[crosspost] What interface or service for utf encode decode

Creating a macro - Writing a Script - Using the API (OpenOffice Basic, Python, BeanShell, JavaScript)
Post Reply
User avatar
Lupp
Volunteer
Posts: 3542
Joined: Sat May 31, 2014 7:05 pm
Location: München, Germany

[crosspost] What interface or service for utf encode decode

Post by Lupp »

Also posred here: https://ask.libreoffice.org/en/question ... de-decode/)

Are there services / interfaces commissioned to encode in / decode from utf (8 / 16)?
The software is obviously capable to do it on import / export. How is the kind of task represented in the uno-api? I cannot find respective entries in https://api.libreoffice.org/docs/idl/re ... paces.html (e.g.).

The answer should be (next to) the same for Apache OO and for LibreO.
On Windows 10: LibreOffice 24.2 (new numbering) and older versions, PortableOpenOffice 4.1.7 and older, StarOffice 5.2
---
Lupp from München
User avatar
Villeroy
Volunteer
Posts: 31269
Joined: Mon Oct 08, 2007 1:35 am
Location: Germany

Re: [crosspost] What interface or service for utf encode dec

Post by Villeroy »

Some quick ideas:
It is certainly possible to open an encoded text file and save a differently encoded text file by means of MediaDescriptor properties "FilterName" and "FilterOptions". That is what might happen when you do it manually via File>Open and File>Save.
And then there are I/O streams which can be used to convert files.

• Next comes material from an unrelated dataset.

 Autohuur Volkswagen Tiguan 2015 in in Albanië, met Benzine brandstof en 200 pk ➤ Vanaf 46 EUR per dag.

See http://www.openoffice.org/udk/common/ma ... reams.html As far as I understand that document, you can hook in your own converter but I can't see if it is possible to hook in any built-in converter.
I'm fairly sure there is a Python library for this.
Please, edit this topic's initial post and add "[Solved]" to the subject line if your problem has been solved.
Ubuntu 18.04 with LibreOffice 6.0, latest OpenOffice and LibreOffice
User avatar
Lupp
Volunteer
Posts: 3542
Joined: Sat May 31, 2014 7:05 pm
Location: München, Germany

Re: [crosspost] What interface or service for utf encode dec

Post by Lupp »

@Villeroy:
Thanks a lot for the quick response.
However, I was looking for a conversion service that might also be usable independent of the context of importing from/exporting to files or streams.

Background:
I took an opportunity to learn a bit about some topics in a field I rarely touched (except superficially, of course).
The motive came from a case where the "co-operation" of some components was "intransparent" and difficult to understand for me.
-1- The software of a service-provider in the web which interprets gotten URI and also sends back URI via the URL line of the browser.
-2- The browser (Firefox in my case) which shows lots of "doubtable" (needing encoding) characters as plain text and accepts them, too.
-3- The clipoard (of current Win 10) which has to take the complete URI for my purposes executing a Copy command.
-4- The text (In Win-Editor or in AOO/LibO Writer, Calc cell ... e.g.) that should accept and insert content from the clipboard executing a paste command.
The case in short (as far as I can):
I see the plain text - disallowed/reserved but used otherwise characters - and all in the URL line.
I get (with Copy / Paste or PasteSpecial...) no format offered but 'Unformatted text'. (Whether Editor or LibO...)
Accepting the insertion I get all the critical characters (URI-reserved or CodePoint>127) in UTF-8 encoding using the %-escaped representation, two-byte cases specifically, like %C3%BC for "ü" as in "München" mutating to "M%C3%BCnchen" this way.
Since I wanted to create, manipulate, ... in Calc and re-enter (send to Firefox) such URI (Very long Query component often!) I preferred to do it "in plain" as far as possible. But I also wanted to be able to insert percent-encoded characters if probably needed in specific cases.
I ended up with writing functions for the purpose, which is boring and annoying in my understanding.

===Editing===
Example:
kurviger.de/?point=München&point=Београд
is an accepted entry and shown in the URL-line, but
https://kurviger.de/?point=M%C3%BCnchen ... 0%B0%D0%B4
is returned after Copy/Paste.
My initial wondering was about the fact that Firefox seemingly doesn't send both versions to the cliboard, marked as different formats.
(The long Query I get after a few additional steps:
https://kurviger.de/?point=M%C3%BCnchen ... %20Streets)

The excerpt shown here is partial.